→ What to produce
Pull every line of the entries that has the word "sweatshirts".

▬▬▬

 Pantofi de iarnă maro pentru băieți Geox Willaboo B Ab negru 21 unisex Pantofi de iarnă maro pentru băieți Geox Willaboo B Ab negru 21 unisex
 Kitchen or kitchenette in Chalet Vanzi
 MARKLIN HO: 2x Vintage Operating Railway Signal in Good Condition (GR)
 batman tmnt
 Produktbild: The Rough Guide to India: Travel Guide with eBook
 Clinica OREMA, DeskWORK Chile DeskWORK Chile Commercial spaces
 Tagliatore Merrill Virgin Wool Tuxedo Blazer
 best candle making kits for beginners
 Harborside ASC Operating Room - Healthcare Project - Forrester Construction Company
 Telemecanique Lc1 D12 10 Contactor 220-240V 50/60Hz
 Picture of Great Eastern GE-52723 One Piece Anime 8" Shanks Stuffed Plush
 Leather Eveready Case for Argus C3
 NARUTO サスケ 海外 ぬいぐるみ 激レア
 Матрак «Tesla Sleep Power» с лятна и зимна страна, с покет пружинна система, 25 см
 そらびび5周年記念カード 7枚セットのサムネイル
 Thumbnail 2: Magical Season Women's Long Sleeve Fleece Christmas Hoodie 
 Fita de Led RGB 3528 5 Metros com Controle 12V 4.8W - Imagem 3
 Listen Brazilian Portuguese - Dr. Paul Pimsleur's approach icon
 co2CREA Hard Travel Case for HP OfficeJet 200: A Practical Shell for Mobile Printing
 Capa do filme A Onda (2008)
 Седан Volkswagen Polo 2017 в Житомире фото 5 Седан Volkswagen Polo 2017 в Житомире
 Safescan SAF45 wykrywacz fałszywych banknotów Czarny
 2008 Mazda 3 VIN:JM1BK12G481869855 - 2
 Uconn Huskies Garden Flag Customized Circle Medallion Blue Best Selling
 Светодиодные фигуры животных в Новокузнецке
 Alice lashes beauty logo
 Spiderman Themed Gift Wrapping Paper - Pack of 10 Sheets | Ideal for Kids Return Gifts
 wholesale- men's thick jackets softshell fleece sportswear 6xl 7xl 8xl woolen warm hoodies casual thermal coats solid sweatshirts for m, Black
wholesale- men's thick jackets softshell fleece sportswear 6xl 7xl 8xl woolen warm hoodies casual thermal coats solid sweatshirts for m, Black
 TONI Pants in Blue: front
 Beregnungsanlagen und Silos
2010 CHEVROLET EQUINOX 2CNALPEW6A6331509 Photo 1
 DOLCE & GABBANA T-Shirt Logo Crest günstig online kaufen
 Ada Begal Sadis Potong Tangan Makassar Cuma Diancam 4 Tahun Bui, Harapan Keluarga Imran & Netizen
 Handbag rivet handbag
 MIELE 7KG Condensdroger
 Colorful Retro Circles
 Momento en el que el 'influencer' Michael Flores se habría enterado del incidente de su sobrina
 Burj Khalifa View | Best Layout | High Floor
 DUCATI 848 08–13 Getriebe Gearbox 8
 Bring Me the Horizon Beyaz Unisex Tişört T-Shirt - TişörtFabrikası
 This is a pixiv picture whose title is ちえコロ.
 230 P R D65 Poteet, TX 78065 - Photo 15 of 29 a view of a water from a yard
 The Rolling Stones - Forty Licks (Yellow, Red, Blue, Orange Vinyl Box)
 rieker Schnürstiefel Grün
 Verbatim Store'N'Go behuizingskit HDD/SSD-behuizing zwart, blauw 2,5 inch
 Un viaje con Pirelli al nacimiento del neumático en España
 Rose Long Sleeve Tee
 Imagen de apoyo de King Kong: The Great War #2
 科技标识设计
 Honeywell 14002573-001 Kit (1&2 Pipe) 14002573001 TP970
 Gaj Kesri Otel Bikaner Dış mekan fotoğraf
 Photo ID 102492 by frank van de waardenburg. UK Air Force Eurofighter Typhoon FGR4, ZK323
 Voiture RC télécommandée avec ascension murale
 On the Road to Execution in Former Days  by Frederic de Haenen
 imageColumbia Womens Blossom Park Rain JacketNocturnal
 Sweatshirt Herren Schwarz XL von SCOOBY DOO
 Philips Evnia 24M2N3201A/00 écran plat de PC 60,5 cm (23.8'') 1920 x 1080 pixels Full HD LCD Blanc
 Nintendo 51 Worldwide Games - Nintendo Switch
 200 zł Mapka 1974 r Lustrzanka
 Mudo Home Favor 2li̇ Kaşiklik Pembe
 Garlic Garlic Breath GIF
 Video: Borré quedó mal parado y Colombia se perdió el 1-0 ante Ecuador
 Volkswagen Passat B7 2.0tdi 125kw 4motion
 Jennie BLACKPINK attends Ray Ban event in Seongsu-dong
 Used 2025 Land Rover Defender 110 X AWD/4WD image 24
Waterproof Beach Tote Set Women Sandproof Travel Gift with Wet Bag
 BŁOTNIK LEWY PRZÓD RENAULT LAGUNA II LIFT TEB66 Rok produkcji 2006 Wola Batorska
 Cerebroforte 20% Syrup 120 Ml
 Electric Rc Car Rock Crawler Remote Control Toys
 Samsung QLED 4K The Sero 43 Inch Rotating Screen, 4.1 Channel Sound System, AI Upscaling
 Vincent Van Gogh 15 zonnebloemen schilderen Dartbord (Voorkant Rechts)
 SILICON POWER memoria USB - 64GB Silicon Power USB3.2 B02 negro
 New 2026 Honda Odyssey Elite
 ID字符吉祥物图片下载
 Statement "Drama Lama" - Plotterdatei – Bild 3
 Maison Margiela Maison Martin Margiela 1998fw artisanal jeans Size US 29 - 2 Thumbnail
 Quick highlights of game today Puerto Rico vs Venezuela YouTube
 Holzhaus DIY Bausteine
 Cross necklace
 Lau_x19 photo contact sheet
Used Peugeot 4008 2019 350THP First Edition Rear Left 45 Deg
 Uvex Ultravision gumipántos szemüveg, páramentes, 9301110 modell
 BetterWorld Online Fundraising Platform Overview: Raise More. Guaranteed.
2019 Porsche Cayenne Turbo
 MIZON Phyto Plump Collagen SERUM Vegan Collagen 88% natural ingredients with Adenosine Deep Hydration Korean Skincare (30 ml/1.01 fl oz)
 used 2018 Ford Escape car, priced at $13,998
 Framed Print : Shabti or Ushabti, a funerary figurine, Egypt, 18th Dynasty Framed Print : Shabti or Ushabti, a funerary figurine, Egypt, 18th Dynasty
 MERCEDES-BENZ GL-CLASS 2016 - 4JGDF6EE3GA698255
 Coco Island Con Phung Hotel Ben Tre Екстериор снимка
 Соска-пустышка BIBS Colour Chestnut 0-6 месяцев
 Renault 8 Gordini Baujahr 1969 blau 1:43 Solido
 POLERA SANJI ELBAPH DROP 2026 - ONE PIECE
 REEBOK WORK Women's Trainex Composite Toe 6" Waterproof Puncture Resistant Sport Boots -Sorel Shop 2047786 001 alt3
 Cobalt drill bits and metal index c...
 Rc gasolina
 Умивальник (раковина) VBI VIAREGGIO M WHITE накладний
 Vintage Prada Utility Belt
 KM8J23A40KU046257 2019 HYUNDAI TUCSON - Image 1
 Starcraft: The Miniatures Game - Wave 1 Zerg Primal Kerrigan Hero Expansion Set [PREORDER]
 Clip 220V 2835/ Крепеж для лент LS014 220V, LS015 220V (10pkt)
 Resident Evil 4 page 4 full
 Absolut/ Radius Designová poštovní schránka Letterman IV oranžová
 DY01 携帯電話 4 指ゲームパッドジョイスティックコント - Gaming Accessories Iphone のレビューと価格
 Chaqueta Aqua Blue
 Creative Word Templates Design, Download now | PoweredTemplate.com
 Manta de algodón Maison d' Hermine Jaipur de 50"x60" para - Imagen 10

▬▬▬

→ Worked solution
 wholesale- men's thick jackets softshell fleece sportswear 6xl 7xl 8xl woolen warm hoodies casual thermal coats solid sweatshirts for m, Black
wholesale- men's thick jackets softshell fleece sportswear 6xl 7xl 8xl woolen warm hoodies casual thermal coats solid sweatshirts for m, Black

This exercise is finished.